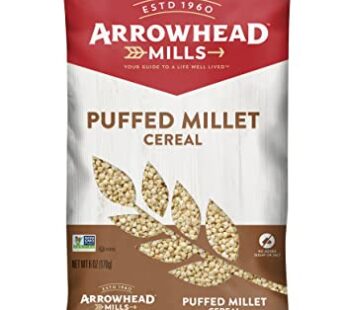 Arrowhead Mills Puffed Millet Cereal, 6 oz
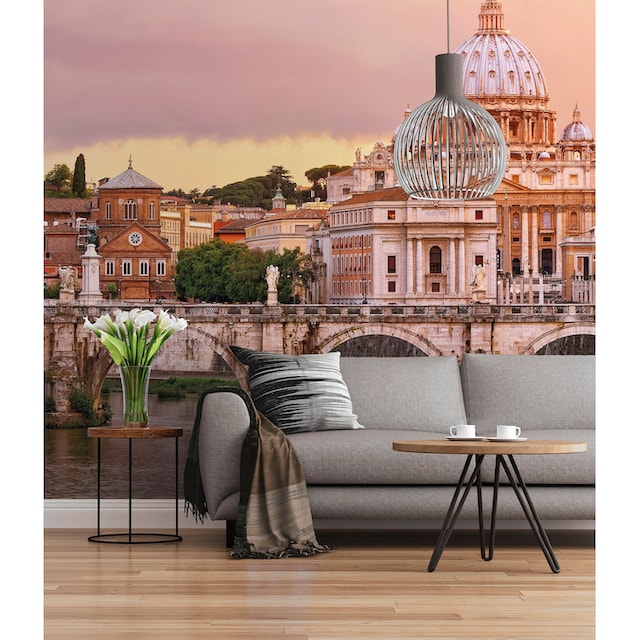 Komar Fototapete »Rome«, 368x254 cm (Breite x Höhe) online kaufen | mit 3  Jahren XXL Garantie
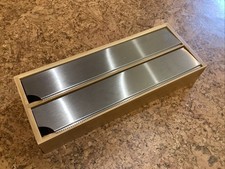 Kitchen Foil Or Cling Film Dispenser/holder With Cutting Bars 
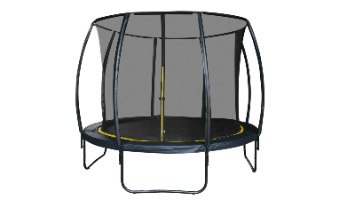 טרמפולינה + סולם 8 פיט פייבר | 244 ס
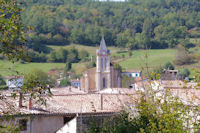 L'eglise de Puivert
§
Problem description:
Leaving out the pictures, print exactly and only the lines from the one containing "Kitchen Foil Or" through the last line of the records.

Exercise response:
 Kitchen Foil Or Cling Film Dispenser/holder With Cutting Bars 
 טרמפולינה + סולם 8 פיט פייבר | 244 ס
 L'eglise de Puivert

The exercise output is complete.